Benim anladığım ve gördüğüm kadarıyla, çoğu insanın bütçesi böyle bir masrafa uygun değil. Uygun olanlar da böyle hiç hesapta olmayan (!) bir masraf konusunda isteksiz ve kararsız. Onlarda da “Şimdi nereden çıktı bu” havası hâkim. Gerçeklerle yüzleşmektense “Böyle iyi, bizim bina zaten sağlam” gibi ezbere sözler dolanıyor ortalıkta. Hatta “amatör mühendislik”te iş şu noktalara gelmiş: “Duvarlar yıkılır ama bina çökmez, kolonlar sağlam.” İnsan kulaklarına inanamıyor.
Depremin ciddiyetinin, daha acılar bu kadar tazeyken dahi anlaşılamamış olduğu, acı bir gerçek olarak karşımızda duruyor. Çaresizlik ve maddi imkânların yetersizliği tamamen kafadan atma çözümler, düşünceler, şehir efsaneleri üretmeye başlamış. Çoğu insanda, mevcut durumunda hiçbir şeyi değiştirmeden hayatına devam edebileceği inancı hâkim. Herkes kulaktan dolma bilgilerle hareket ediyor.
Önümüzdeki dönemde, İstanbul (deprem tehdidi altında olan diğer büyük şehirlerde de) konutları depreme dayanıklı hâle getirme seferberliği ilan edilmesi lazım. Bu seferberliğin mali boyutu kadar iletişim ve psikoloji boyutu da önemli.
Çaresiz, endişeli ne yapacağını bilemeyen insanlara makul çözümler gösterebilmek önemli. Bu işin yerel mi, yoksa merkezi idareler tarafından mı yapılacağı konusu da elbette önemli. Kim üstlenirse üstlensin, bu seferberlikten rant üreten bir sistem çıkmamalı. Parası olanı koruyan, fakiri fukarayı “Ne yapalım, gücümüz buna yetti” durumunda çürük bir evin içinde depremle karşı karşıya bırakan her seferberlik yanlış olur, eksik olur, işlevsiz ve sonuçsuz olur.
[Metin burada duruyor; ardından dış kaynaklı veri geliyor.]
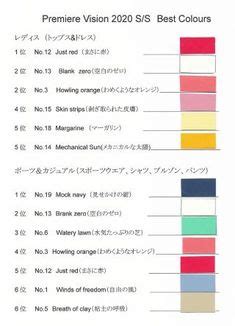 8 个 2020SScolor 点子 | 色彩, 时尚排版, 颜色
Depreme dayanıklı konut, lüks bir şey olacaksa eğer, o durumda depremden korunmaktan söz edilemez. Birçok insan zaten kirada, ekonomik kriz dolayısıyla olabilecek en ucuz evlere tabiri caizse sığınmış durumda. Geçenlerde emlak sitelerine girip şöyle bir dolandım, kanım dondu. Fiyatlar 21 bin lira ile 180 bin lira arasında. Bir ailenin insanca yaşayabileceği sıradan iki artı bir dairenin fiyatı en az 40-50 bin liralara gelmişken, merkeze en uzak kule gibi toplu konutta “bir artı sıfır” diye ifade edilen tek oda daireler dahi 18 bin liradan başlarken insanların nasıl, hangi parayla evlerini güçlendirecekleri, evleri yeniden yapılır ya da depreme dayanıklı hâle getirilirken nerede barınacakları, ev sahibi olmayan, olamayanların bu süreçten nasıl etkileneceği dikkatle hesaplanmalı.
İnsanlar, bu parasızlıkta ve bu kiralarla depreme dayanıklılık konusunu kendilerinin karşılaması imkânsız bir lüks olarak görmeye başladı. Ben gördüklerimi, duyduklarımı aktarıyorum. Bu da beraberinde işi kader kısmete bırakmayı getiriyor. Gelecek 10 yılın yerel ve merkezi yönetimlerinin önündeki en önemli sınav bu olacak.